DESCRIPTION OF THE TASK:
Only the lines from the start of the material through the line containing "Pete Doherty" are to be extracted, exactly as they appear.

----------

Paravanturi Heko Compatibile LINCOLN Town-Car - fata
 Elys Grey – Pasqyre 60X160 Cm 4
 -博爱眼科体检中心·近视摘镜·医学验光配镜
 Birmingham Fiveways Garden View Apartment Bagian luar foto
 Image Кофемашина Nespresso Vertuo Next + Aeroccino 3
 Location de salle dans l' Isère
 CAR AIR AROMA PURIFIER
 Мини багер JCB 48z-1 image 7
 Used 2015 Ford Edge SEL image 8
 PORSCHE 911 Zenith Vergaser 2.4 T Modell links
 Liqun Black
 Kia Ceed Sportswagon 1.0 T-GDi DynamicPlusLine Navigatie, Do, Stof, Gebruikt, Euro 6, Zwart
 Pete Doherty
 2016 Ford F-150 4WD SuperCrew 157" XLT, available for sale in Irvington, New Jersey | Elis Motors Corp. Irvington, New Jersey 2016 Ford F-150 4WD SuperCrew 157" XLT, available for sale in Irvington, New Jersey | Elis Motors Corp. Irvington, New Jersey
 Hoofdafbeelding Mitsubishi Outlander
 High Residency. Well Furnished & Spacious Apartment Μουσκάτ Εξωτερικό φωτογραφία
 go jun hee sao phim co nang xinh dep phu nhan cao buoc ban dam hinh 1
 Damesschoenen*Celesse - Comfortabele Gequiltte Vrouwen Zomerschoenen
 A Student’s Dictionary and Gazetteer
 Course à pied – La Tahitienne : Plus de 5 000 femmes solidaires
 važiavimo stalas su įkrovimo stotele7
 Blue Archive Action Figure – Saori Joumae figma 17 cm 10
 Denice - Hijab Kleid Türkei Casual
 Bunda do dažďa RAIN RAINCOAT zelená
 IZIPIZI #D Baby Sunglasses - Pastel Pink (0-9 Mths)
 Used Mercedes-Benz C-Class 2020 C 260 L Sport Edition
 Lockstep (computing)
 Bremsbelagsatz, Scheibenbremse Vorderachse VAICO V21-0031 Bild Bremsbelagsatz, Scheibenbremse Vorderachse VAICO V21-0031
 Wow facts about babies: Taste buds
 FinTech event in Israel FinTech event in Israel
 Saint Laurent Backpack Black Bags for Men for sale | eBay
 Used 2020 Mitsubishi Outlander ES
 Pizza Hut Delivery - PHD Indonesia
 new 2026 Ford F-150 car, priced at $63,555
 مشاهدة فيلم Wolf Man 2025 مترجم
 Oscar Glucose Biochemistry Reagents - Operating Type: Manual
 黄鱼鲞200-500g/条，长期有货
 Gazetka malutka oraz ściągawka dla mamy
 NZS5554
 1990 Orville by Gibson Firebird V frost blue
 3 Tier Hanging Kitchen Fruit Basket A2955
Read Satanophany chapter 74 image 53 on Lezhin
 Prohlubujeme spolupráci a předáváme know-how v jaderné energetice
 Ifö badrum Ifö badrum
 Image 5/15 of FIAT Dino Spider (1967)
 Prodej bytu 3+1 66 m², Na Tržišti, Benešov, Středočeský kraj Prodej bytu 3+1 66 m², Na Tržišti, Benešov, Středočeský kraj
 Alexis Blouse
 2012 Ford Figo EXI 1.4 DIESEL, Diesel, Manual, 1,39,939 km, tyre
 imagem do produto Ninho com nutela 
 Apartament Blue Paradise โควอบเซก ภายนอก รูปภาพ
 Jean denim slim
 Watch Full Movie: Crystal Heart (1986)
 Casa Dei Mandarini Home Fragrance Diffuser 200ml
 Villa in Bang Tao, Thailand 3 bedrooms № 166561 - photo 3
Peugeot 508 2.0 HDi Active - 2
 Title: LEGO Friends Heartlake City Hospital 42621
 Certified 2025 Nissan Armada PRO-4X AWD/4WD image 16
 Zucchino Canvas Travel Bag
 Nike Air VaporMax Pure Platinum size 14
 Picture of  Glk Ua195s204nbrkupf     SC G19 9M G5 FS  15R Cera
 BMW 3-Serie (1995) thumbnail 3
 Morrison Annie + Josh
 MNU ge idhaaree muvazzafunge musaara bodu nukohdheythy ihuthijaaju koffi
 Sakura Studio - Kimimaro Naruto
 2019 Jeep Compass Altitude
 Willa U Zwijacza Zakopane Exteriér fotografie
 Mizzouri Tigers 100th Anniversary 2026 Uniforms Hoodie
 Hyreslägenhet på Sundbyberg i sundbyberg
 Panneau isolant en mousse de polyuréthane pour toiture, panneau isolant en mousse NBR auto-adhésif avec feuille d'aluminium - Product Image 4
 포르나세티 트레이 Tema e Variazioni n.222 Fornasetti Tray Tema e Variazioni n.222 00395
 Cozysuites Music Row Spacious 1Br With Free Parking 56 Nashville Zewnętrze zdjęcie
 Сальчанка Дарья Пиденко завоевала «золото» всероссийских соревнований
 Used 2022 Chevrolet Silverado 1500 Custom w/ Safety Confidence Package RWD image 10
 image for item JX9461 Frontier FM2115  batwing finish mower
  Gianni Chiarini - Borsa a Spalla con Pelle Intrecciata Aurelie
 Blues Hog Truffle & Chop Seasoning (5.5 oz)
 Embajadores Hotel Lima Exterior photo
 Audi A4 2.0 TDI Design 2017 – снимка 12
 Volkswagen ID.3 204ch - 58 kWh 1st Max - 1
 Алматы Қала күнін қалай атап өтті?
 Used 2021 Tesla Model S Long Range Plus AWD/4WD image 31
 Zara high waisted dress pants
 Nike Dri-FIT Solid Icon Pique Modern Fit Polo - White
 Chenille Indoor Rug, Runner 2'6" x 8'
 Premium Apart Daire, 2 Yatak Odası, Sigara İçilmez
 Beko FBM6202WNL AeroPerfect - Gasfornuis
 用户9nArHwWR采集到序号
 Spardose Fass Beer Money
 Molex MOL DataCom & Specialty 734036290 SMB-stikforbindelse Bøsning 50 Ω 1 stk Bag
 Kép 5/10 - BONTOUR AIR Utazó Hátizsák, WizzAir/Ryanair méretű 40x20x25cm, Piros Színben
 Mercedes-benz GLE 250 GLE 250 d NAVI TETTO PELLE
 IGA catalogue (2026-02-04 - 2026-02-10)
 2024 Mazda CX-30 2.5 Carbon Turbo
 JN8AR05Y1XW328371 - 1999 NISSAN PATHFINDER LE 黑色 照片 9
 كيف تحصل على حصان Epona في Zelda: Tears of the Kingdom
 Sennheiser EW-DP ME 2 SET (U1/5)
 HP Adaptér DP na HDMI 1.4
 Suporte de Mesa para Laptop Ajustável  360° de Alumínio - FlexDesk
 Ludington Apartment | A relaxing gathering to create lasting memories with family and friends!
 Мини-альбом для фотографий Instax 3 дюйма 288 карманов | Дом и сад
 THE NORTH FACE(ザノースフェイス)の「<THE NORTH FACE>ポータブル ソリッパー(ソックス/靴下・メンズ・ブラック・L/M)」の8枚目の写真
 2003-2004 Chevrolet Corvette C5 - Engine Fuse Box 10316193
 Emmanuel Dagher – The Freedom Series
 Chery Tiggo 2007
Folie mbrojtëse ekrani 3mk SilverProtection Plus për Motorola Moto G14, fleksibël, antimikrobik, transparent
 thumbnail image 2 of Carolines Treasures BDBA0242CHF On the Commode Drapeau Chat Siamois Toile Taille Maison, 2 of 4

----------

RESPONSE AREA:
Paravanturi Heko Compatibile LINCOLN Town-Car - fata
 Elys Grey – Pasqyre 60X160 Cm 4
 -博爱眼科体检中心·近视摘镜·医学验光配镜
 Birmingham Fiveways Garden View Apartment Bagian luar foto
 Image Кофемашина Nespresso Vertuo Next + Aeroccino 3
 Location de salle dans l' Isère
 CAR AIR AROMA PURIFIER
 Мини багер JCB 48z-1 image 7
 Used 2015 Ford Edge SEL image 8
 PORSCHE 911 Zenith Vergaser 2.4 T Modell links
 Liqun Black
 Kia Ceed Sportswagon 1.0 T-GDi DynamicPlusLine Navigatie, Do, Stof, Gebruikt, Euro 6, Zwart
 Pete Doherty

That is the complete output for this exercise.